Monday, December 13, 2010

greatest lesson in life

I got my greatest lesson in life at age five, from another five year old. I was at the Shrine Hospital for Crippled Children in Minneapolis MN. Several of us little girls were in the PT (physical therapy) swimming pool...all four foot deep of it. As we splashed and played around one little girl pushed me. "Hey," I said indigently, "you can't push me, I'm crippled!" "So am I," shouted the little girl, and gleefully pushed me again. When what she had said registered, I was astonished. I wasn't the only one in life who was dealing with being crippled, and it didn't make me special. What was going to make me special now?

...and then there was three

It can be a very confusing and depressing world when you don't know where you are headed or even were you are suppose to be headed, what you are suppose to be learning or who you should be seeing. I think that this is one of the causes of the times of depression that I experienced as I was growing up. And there were indeed those times. I do recall when I was about 9 or 10, being in my bedroom and my father pleading with me to tell him what was wrong, that I had to talk to someone about it. What was I to say? I didn't know!

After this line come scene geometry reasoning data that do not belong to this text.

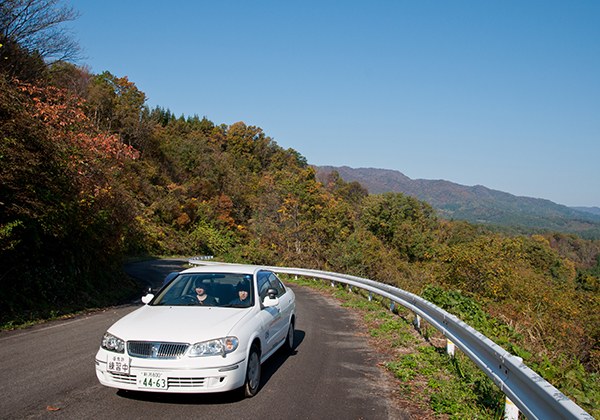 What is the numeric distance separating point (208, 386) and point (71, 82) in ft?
107

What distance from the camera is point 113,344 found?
195 inches

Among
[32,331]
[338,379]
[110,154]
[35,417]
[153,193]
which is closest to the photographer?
[35,417]

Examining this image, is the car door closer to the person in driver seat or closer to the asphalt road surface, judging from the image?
the asphalt road surface

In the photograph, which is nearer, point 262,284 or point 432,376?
point 432,376

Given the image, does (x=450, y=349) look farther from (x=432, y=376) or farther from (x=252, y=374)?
(x=252, y=374)

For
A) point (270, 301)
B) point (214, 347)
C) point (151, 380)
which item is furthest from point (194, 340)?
point (270, 301)

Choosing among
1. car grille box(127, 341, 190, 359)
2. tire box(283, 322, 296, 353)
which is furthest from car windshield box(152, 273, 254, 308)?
tire box(283, 322, 296, 353)

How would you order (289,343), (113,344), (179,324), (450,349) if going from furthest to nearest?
(289,343)
(450,349)
(179,324)
(113,344)

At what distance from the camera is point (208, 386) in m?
4.71

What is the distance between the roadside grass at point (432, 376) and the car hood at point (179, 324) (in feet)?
8.06

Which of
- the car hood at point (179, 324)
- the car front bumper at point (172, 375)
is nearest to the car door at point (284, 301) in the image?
the car hood at point (179, 324)

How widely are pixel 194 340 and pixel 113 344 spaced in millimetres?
991

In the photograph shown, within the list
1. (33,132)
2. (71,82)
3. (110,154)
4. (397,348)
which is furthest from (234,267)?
(71,82)

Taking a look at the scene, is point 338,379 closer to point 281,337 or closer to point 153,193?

Upon graduating from college (finally) I knew that 1. I had to move to California, 2. there was someone or ones that I had to meet, and, 3. the major something was to come of this. So in January 0f 1971, with the help of my brother Bob, I drove to California with the car pack so tightly (as only my father could do it) that the space in the coffee pot was used for one of my shoes!! My big old Ford Galaxy 500 was loaded and it's a darn good thing that it had heavy duty springs and snow tires. We had a time frame because Bob was on a break from college. We drove for three days of blizzards that were so bad the snow plows weren't even out! There were times when the only way we could stay on the highway was for Bob to have the car door open a bit so that he could see the edge of the road and tell me to go more left or right to keep us parallel with it. We couldn't really stop because there were cars behind us that got close enough that I could see the headlights every once in a while. They were following us. I had enough winter that drive to last me the rest of my life! Our first night on the road was suppose to have been in Pierre SD, but we only got as far as Barnard where we were suppose to have had lunch with my Grandpa Stoddard, but didn't get there until supper time. Since the turn-out to their farm is right off the highway I half expected to have a caravan arrive with us. Wouldn't that have upset Pearle.....she being my Grandpa Stoddard's second wife and also my Great Aunt (no incest). Pearle was a terrific cook, very inventive if a trifle on the soft food side. She only put her false teeth in for company and family wasn't company.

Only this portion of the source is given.